Last week, Moscow’s Manege was transformed from a cultural centre to a fashion mecca as it played host to this season’s edition of Mercedes-Benz Fashion Week Russia. With a population totalling in excess of 13 million, Moscow is technically the largest fashion metropolis in the world, and spanning five days and showcasing 117 designers from 14 different countries, the event was a solid attempt to put it on the global fashion map.
It’s no secret that style is deeply embedded into Russia’s cultural identity—from Siberian furs to the babushka scarves that have inspired and infiltrated every high fashion house from Chanel to Balenciaga—but now a younger generation of Russian talent are pushing fashion design into a new era. Casting a spotlight on emerging designers has always been a central concern of the Mercedes-Benz fashion initiative, and the Moscow edition failed to disappoint, bookending the week with Futurum’s display of up-and-coming talent, and the showcase of BSHAD’s graduating BA and MA class. These are the names to watch from the latter.

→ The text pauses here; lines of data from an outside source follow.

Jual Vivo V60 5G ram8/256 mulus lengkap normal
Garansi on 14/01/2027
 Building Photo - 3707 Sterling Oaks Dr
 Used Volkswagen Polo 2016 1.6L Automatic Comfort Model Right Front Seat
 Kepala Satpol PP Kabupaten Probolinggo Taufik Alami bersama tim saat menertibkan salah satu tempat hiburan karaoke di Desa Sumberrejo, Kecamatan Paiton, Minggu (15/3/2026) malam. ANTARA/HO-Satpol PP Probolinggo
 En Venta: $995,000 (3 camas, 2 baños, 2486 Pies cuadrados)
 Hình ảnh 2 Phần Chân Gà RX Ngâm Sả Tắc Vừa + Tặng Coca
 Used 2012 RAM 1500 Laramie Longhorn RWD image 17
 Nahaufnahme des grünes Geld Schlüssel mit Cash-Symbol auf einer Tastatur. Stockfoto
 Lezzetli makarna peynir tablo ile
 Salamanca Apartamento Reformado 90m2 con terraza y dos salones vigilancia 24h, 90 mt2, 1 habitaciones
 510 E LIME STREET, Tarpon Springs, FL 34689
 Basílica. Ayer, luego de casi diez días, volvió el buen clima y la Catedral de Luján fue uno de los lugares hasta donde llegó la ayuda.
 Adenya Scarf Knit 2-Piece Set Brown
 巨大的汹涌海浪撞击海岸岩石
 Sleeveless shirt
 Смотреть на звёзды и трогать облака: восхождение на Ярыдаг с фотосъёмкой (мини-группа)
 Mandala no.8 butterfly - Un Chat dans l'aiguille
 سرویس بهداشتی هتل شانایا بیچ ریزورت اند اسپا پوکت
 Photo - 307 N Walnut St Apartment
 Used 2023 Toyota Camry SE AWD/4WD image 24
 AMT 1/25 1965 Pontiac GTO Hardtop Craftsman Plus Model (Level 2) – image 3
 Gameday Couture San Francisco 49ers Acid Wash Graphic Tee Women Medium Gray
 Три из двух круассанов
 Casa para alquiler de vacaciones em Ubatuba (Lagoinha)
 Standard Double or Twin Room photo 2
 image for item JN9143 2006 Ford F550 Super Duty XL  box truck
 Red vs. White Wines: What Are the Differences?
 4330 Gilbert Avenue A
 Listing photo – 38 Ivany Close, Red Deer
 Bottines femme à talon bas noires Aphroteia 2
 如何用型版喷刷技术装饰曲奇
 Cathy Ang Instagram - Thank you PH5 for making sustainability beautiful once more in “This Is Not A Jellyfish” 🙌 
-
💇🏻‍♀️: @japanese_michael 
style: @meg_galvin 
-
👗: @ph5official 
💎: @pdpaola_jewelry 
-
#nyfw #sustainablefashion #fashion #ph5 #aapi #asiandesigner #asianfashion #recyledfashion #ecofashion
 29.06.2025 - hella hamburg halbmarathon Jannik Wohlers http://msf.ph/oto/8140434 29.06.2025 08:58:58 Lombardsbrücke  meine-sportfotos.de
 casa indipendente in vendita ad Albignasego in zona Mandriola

Vertigo may be the product of BA student, but Lorin Mai’s offerings are more distinctive and refined than many more seasoned designers. Vertigo is not just a label, but a socio-cultural research project, exploring the importance of co-existence between different cultures and religions in contemporary society. This collection, entitled Tribute, departs from the dualistic notion of ‘disharmonic harmony’, inspired by two seemingly disparate realms: jazz and migration. Borrowing from the principles of jazz—the understanding of rhythm, improvisation and interpretation—and multiculturalism, Mai’s BA collection is characterised by silky pinks, sequinned slippers and elements of traditional religious dress, set against pleather crocodile-print in contemporary cuts.
Inspired by the duality of the modern life, Ira Druzhinina presented an eclectic collection that explored the way our natural desires are increasingly being corrupted by our transhumanist ideals and reliance upon technology. Dresses and coats rendered in carpet-like fabrics and embellished with woodland nature prints were set against eclectic neons and latex, while patchwork was hemmed with acid yellow-tinted feathers. In a nod to sustainability, almost half of the materials used to create the collection were sourced from eBay or Etsy.
‘Siberia, but make it modern’ could be the unofficial ethos of Daria Norkina’s bold designs. Boasting babushka scarves and weather-proof jackets, Norkina’s collection paid homage to her Tyumen roots, whilst simultaneously reframing traditional Russian style within the context of contemporary fashion. Combining elements of traditional folklore with a subtle industrial and streetwear aesthetic, the collection proved as whimsical as it was wearable.
Sticking to the old adage of telling what you know, Korinna Polinskaya’s offering was inspired by Russia—in both its darkness and light. Taking its name from the Russian word Skazka, meaning fairytale, the collection took a narrative format, telling a story with each look. Rural childhood memories, Moscow’s chaos and the city’s violent past were rendered in a powerful colour-scheme of black, yellow and greys, complete with a koromyslo (an old-fashioned yoke used for carrying water) emulating the image of rural life in Eastern Europe. Asymmetric cuts, ruched fabrics and loud patterns culminated in hard-edged urbanwear, amalgamating the essence of old with an aesthetic that was distinctly new.